──────── Supplied material ────────

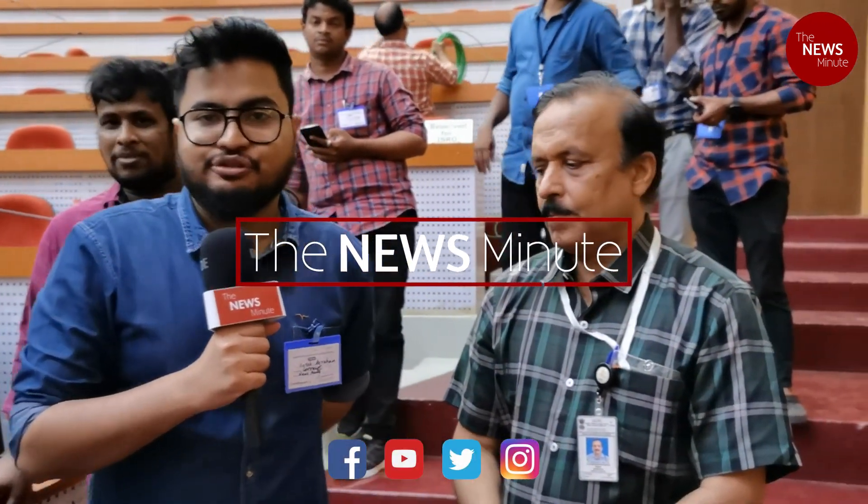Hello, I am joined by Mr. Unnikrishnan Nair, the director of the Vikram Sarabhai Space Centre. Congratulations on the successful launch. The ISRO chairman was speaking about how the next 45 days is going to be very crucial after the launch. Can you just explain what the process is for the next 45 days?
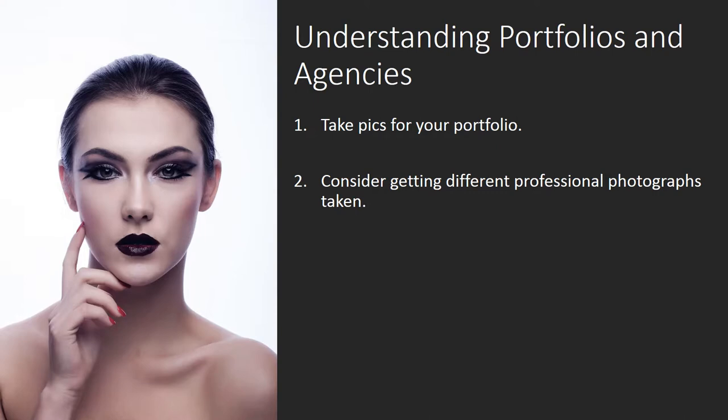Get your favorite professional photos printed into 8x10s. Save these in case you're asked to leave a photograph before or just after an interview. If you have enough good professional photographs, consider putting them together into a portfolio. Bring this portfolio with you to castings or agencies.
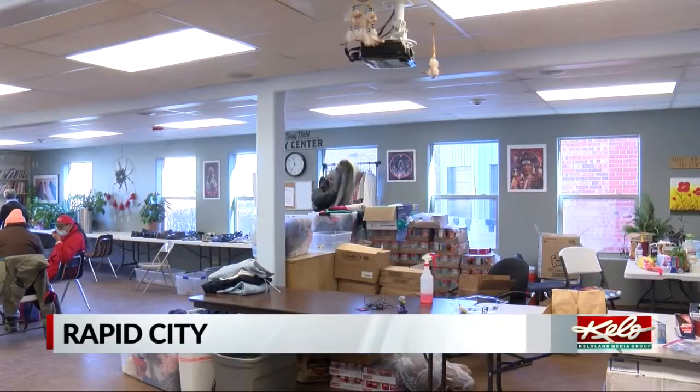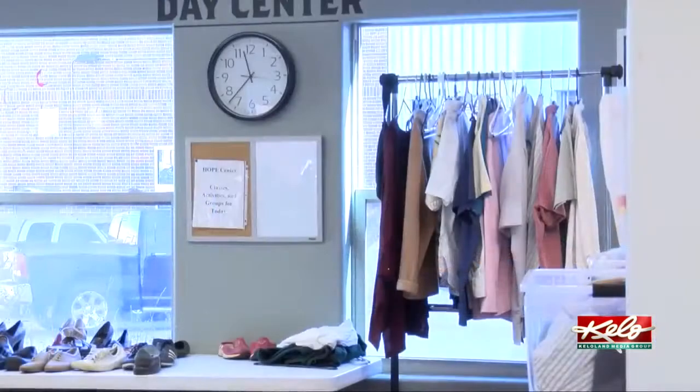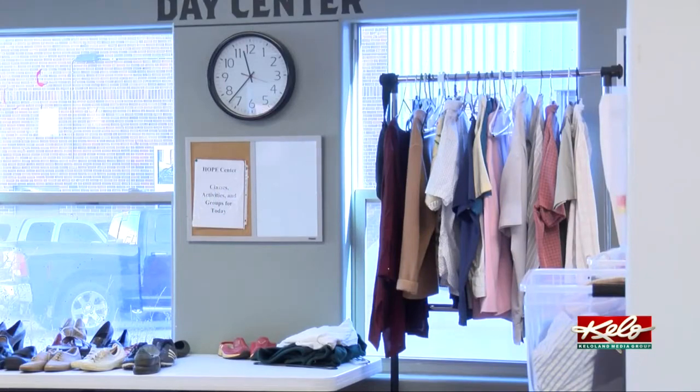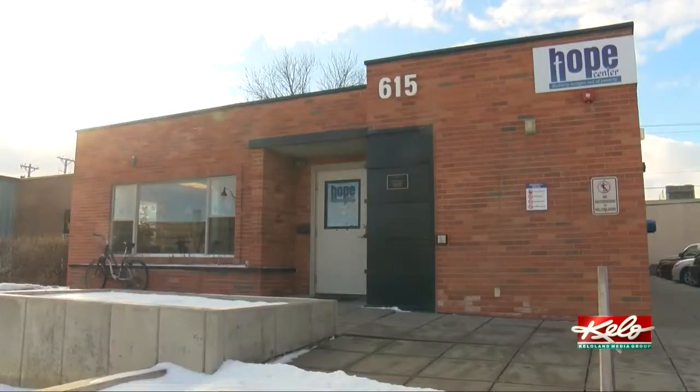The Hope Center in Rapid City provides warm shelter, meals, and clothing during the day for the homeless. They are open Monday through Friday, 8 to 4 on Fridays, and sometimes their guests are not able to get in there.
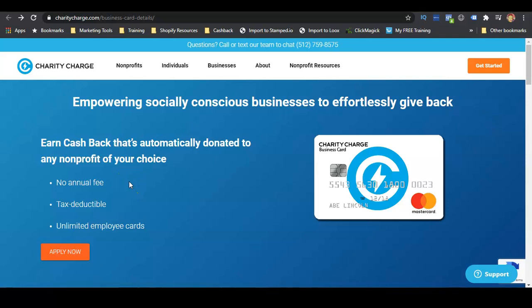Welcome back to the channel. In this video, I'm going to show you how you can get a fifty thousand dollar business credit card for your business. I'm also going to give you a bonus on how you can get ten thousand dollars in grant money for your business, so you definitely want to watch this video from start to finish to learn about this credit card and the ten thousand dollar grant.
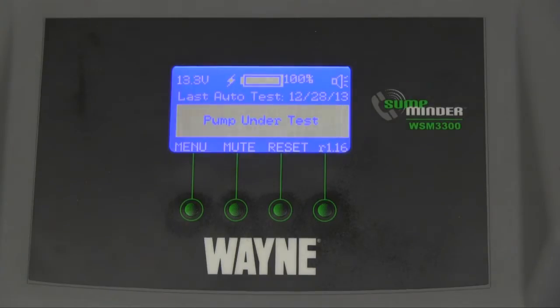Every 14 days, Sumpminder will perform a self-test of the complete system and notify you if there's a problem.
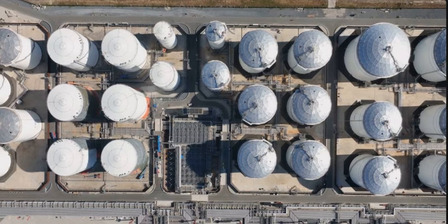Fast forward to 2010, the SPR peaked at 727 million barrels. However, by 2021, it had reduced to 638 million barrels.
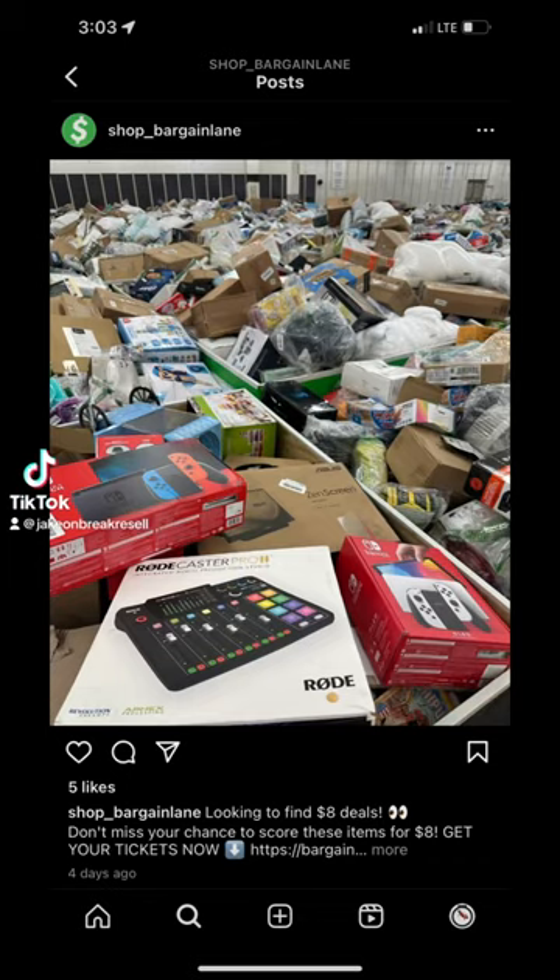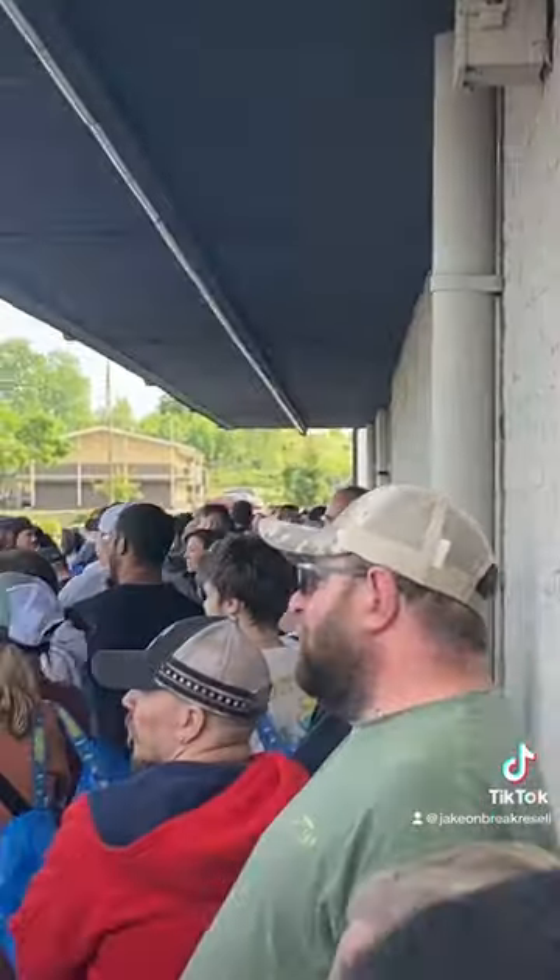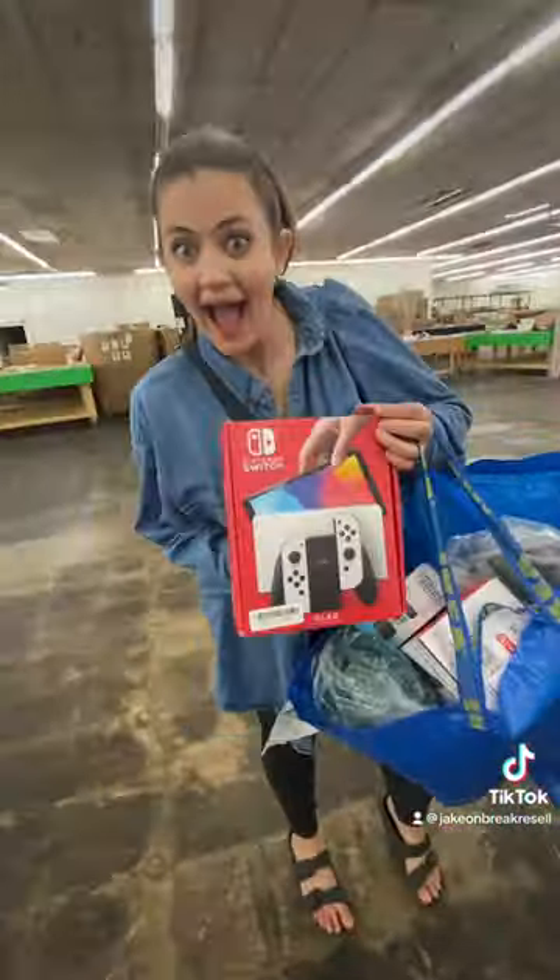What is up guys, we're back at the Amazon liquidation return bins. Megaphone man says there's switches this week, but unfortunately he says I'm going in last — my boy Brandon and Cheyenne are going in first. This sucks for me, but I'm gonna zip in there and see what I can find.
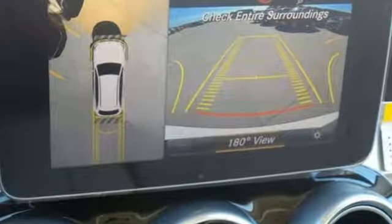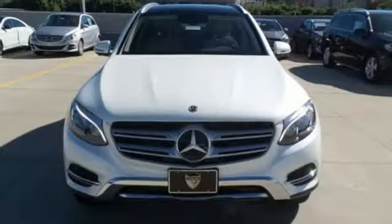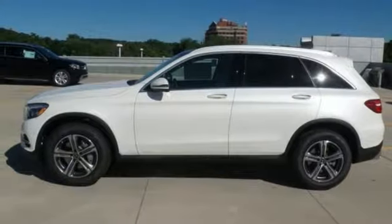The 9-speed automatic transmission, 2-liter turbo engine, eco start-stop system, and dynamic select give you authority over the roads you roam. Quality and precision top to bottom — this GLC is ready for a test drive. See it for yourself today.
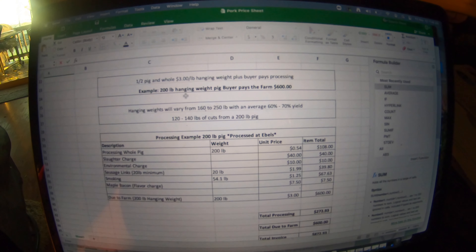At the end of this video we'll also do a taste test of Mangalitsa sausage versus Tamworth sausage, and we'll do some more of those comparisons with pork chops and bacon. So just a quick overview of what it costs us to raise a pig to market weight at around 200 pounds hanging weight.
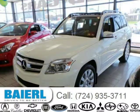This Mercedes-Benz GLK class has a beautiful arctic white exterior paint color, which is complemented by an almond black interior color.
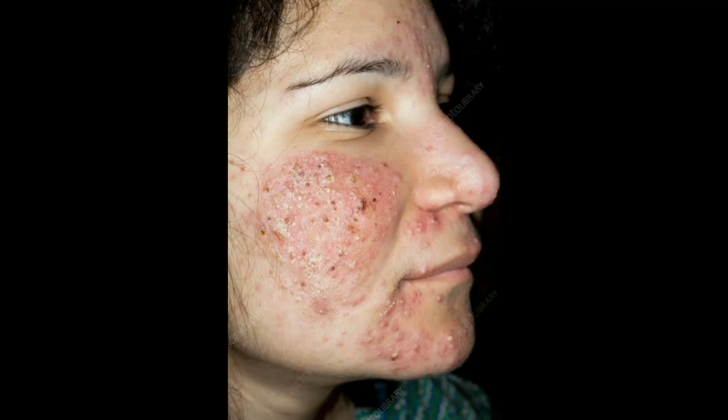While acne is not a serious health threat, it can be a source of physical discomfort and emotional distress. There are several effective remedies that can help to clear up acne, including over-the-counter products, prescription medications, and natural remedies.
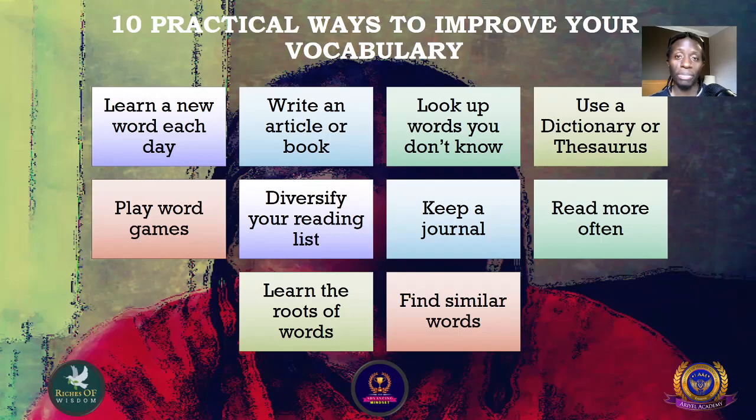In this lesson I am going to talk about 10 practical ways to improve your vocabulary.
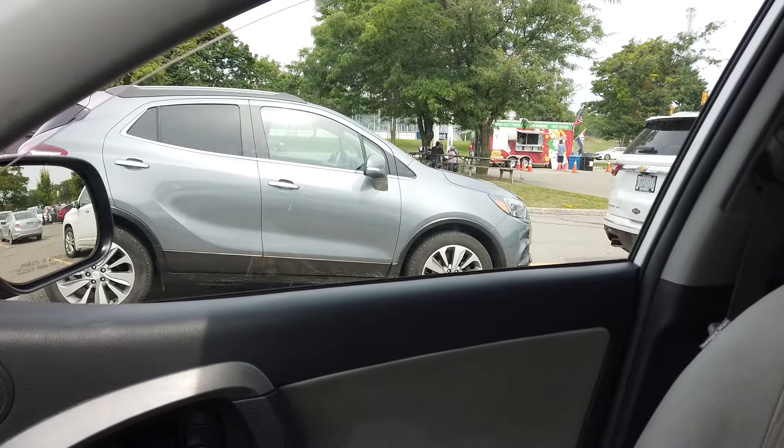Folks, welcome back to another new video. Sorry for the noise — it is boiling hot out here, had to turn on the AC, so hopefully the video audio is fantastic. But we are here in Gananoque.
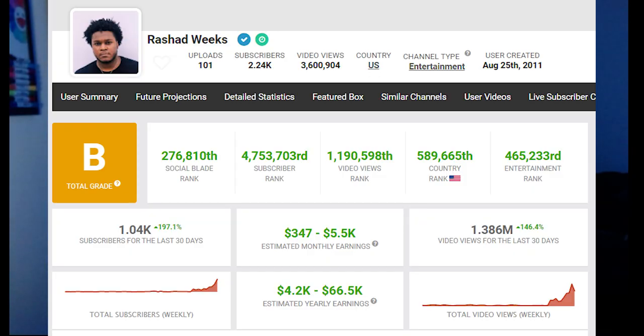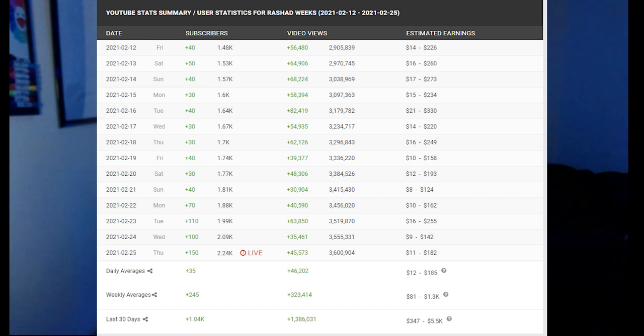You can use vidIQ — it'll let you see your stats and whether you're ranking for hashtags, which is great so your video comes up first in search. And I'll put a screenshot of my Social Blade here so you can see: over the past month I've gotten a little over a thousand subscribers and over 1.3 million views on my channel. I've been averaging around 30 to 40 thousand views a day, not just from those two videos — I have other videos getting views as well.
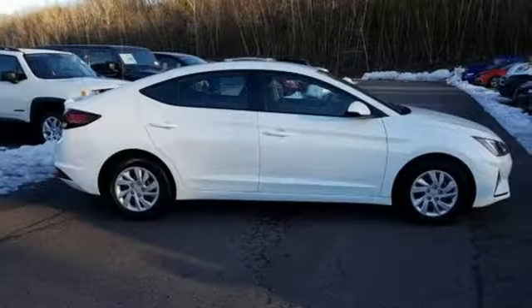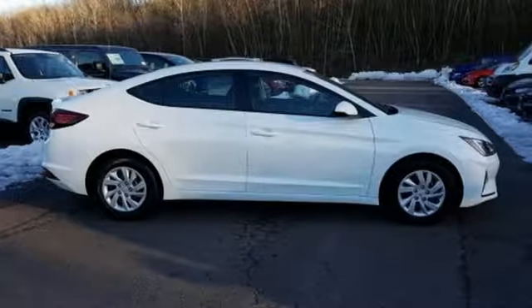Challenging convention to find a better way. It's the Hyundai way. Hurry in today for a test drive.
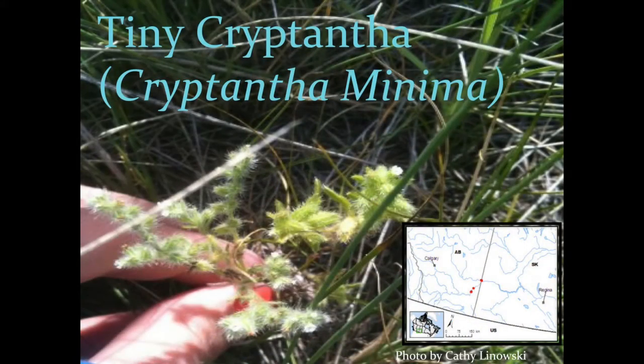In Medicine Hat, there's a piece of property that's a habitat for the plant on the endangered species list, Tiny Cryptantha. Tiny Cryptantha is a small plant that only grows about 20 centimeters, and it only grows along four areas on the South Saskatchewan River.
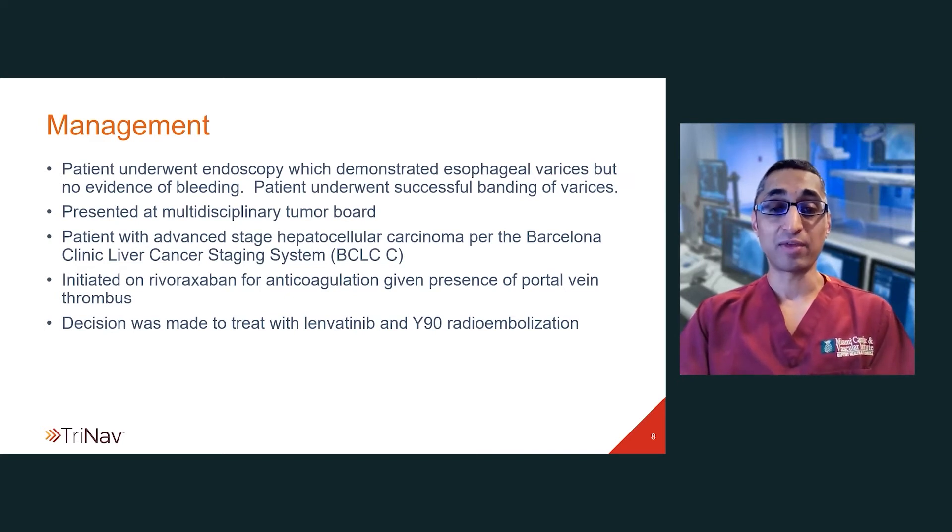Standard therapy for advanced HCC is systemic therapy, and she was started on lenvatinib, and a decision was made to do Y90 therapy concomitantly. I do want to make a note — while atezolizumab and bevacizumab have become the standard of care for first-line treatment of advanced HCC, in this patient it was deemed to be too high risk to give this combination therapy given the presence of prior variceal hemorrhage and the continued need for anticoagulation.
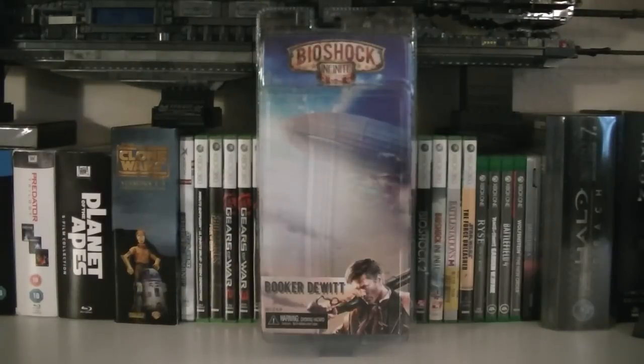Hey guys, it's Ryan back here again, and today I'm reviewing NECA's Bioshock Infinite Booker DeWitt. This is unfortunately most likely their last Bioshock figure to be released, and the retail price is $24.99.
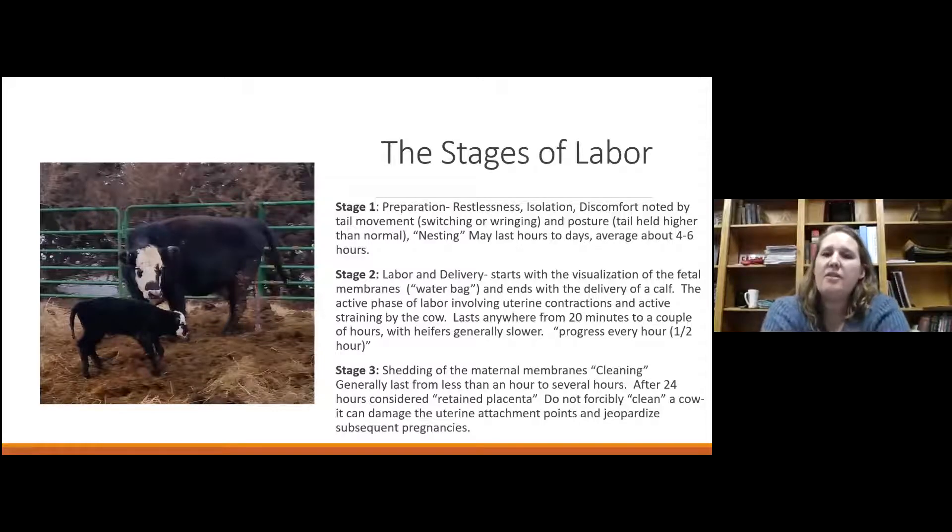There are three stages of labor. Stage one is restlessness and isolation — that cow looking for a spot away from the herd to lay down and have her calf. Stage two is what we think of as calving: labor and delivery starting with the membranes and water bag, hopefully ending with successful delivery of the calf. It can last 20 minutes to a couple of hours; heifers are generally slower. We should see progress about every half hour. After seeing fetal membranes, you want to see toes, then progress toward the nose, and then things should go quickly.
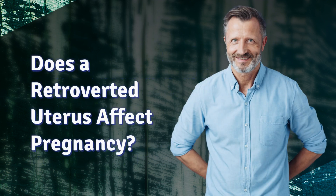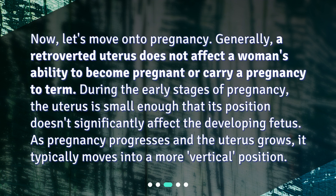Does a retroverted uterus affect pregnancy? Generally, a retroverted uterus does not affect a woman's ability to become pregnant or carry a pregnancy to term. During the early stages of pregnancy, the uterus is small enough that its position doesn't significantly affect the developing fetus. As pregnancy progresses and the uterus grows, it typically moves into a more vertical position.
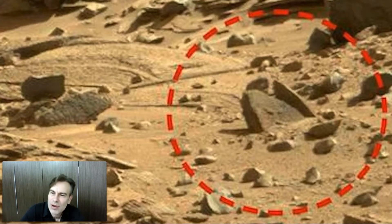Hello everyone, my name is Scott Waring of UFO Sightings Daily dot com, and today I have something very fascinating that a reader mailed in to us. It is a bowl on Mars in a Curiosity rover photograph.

────────

### Your instructions
Please output all the records above exactly, leaving out every picture.

### Answer space
Hello, I am joined by Mr. Unnikrishnan Nair, the director of the Vikram Sarabhai Space Centre. Congratulations on the successful launch. The ISRO chairman was speaking about how the next 45 days is going to be very crucial after the launch. Can you just explain what the process is for the next 45 days?
Get your favorite professional photos printed into 8x10s. Save these in case you're asked to leave a photograph before or just after an interview. If you have enough good professional photographs, consider putting them together into a portfolio. Bring this portfolio with you to castings or agencies.
The Hope Center in Rapid City provides warm shelter, meals, and clothing during the day for the homeless. They are open Monday through Friday, 8 to 4 on Fridays, and sometimes their guests are not able to get in there.
Welcome back to the channel. In this video, I'm going to show you how you can get a fifty thousand dollar business credit card for your business. I'm also going to give you a bonus on how you can get ten thousand dollars in grant money for your business, so you definitely want to watch this video from start to finish to learn about this credit card and the ten thousand dollar grant.
Every 14 days, Sumpminder will perform a self-test of the complete system and notify you if there's a problem.
Fast forward to 2010, the SPR peaked at 727 million barrels. However, by 2021, it had reduced to 638 million barrels.
What is up guys, we're back at the Amazon liquidation return bins. Megaphone man says there's switches this week, but unfortunately he says I'm going in last — my boy Brandon and Cheyenne are going in first. This sucks for me, but I'm gonna zip in there and see what I can find.
The 9-speed automatic transmission, 2-liter turbo engine, eco start-stop system, and dynamic select give you authority over the roads you roam. Quality and precision top to bottom — this GLC is ready for a test drive. See it for yourself today.
At the end of this video we'll also do a taste test of Mangalitsa sausage versus Tamworth sausage, and we'll do some more of those comparisons with pork chops and bacon. So just a quick overview of what it costs us to raise a pig to market weight at around 200 pounds hanging weight.
This Mercedes-Benz GLK class has a beautiful arctic white exterior paint color, which is complemented by an almond black interior color.
While acne is not a serious health threat, it can be a source of physical discomfort and emotional distress. There are several effective remedies that can help to clear up acne, including over-the-counter products, prescription medications, and natural remedies.
In this lesson I am going to talk about 10 practical ways to improve your vocabulary.
Folks, welcome back to another new video. Sorry for the noise — it is boiling hot out here, had to turn on the AC, so hopefully the video audio is fantastic. But we are here in Gananoque.
You can use vidIQ — it'll let you see your stats and whether you're ranking for hashtags, which is great so your video comes up first in search. And I'll put a screenshot of my Social Blade here so you can see: over the past month I've gotten a little over a thousand subscribers and over 1.3 million views on my channel. I've been averaging around 30 to 40 thousand views a day, not just from those two videos — I have other videos getting views as well.
Challenging convention to find a better way. It's the Hyundai way. Hurry in today for a test drive.
In Medicine Hat, there's a piece of property that's a habitat for the plant on the endangered species list, Tiny Cryptantha. Tiny Cryptantha is a small plant that only grows about 20 centimeters, and it only grows along four areas on the South Saskatchewan River.
Standard therapy for advanced HCC is systemic therapy, and she was started on lenvatinib, and a decision was made to do Y90 therapy concomitantly. I do want to make a note — while atezolizumab and bevacizumab have become the standard of care for first-line treatment of advanced HCC, in this patient it was deemed to be too high risk to give this combination therapy given the presence of prior variceal hemorrhage and the continued need for anticoagulation.
Hey guys, it's Ryan back here again, and today I'm reviewing NECA's Bioshock Infinite Booker DeWitt. This is unfortunately most likely their last Bioshock figure to be released, and the retail price is $24.99.
There are three stages of labor. Stage one is restlessness and isolation — that cow looking for a spot away from the herd to lay down and have her calf. Stage two is what we think of as calving: labor and delivery starting with the membranes and water bag, hopefully ending with successful delivery of the calf. It can last 20 minutes to a couple of hours; heifers are generally slower. We should see progress about every half hour. After seeing fetal membranes, you want to see toes, then progress toward the nose, and then things should go quickly.
Does a retroverted uterus affect pregnancy? Generally, a retroverted uterus does not affect a woman's ability to become pregnant or carry a pregnancy to term. During the early stages of pregnancy, the uterus is small enough that its position doesn't significantly affect the developing fetus. As pregnancy progresses and the uterus grows, it typically moves into a more vertical position.
Hello everyone, my name is Scott Waring of UFO Sightings Daily dot com, and today I have something very fascinating that a reader mailed in to us. It is a bowl on Mars in a Curiosity rover photograph.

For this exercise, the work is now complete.